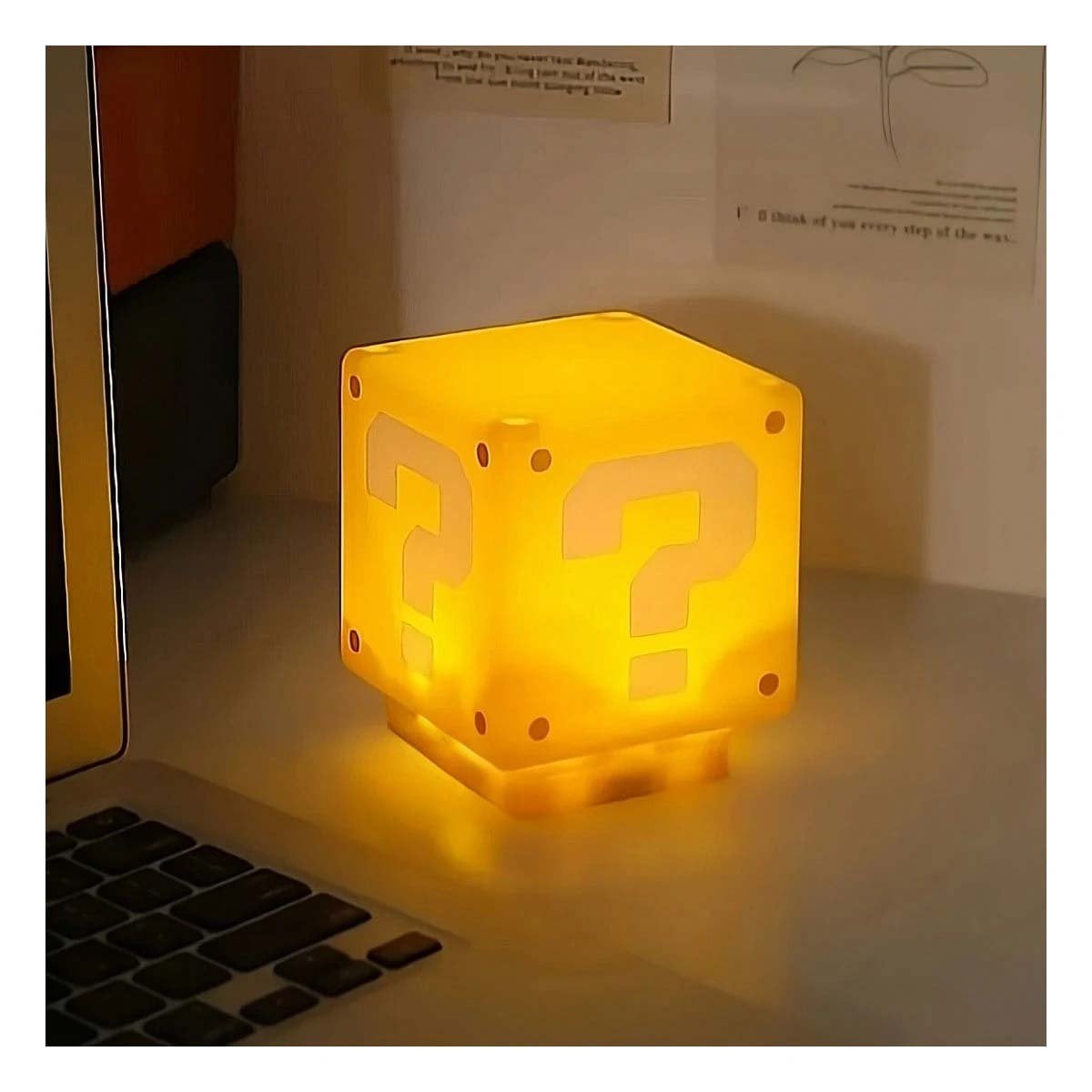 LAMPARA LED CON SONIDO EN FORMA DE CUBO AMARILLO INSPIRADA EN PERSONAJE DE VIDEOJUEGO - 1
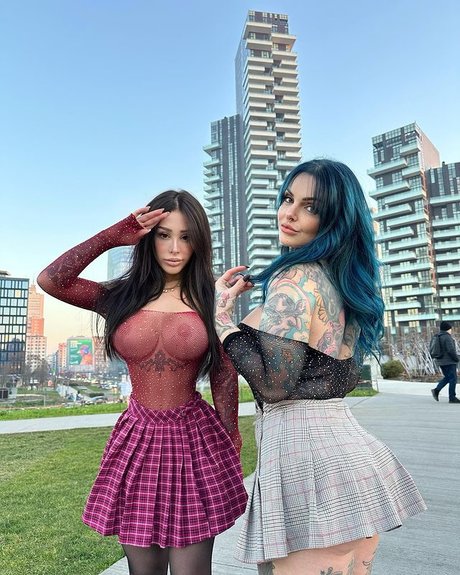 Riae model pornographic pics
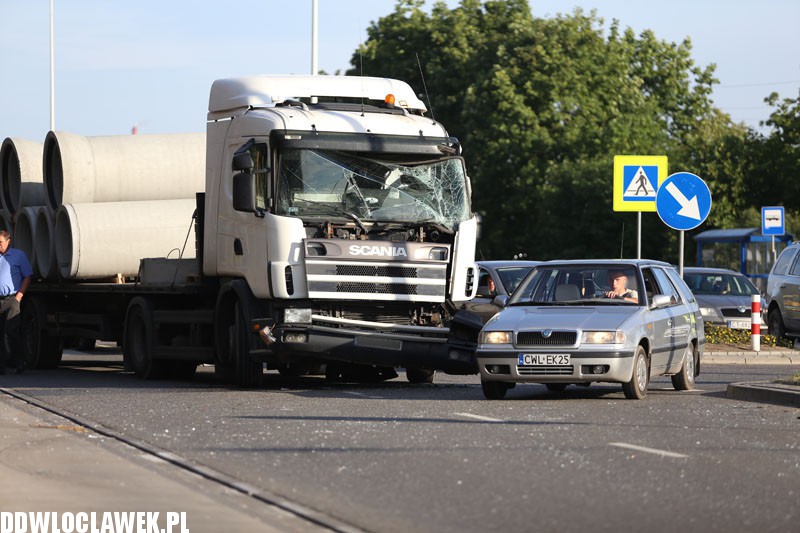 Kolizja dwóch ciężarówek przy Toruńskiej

--

Aside from the pictures, repeat the listing exactly.

 LAMPARA LED CON SONIDO EN FORMA DE CUBO AMARILLO INSPIRADA EN PERSONAJE DE VIDEOJUEGO - 1
 Riae model pornographic pics
 Kolizja dwóch ciężarówek przy Toruńskiej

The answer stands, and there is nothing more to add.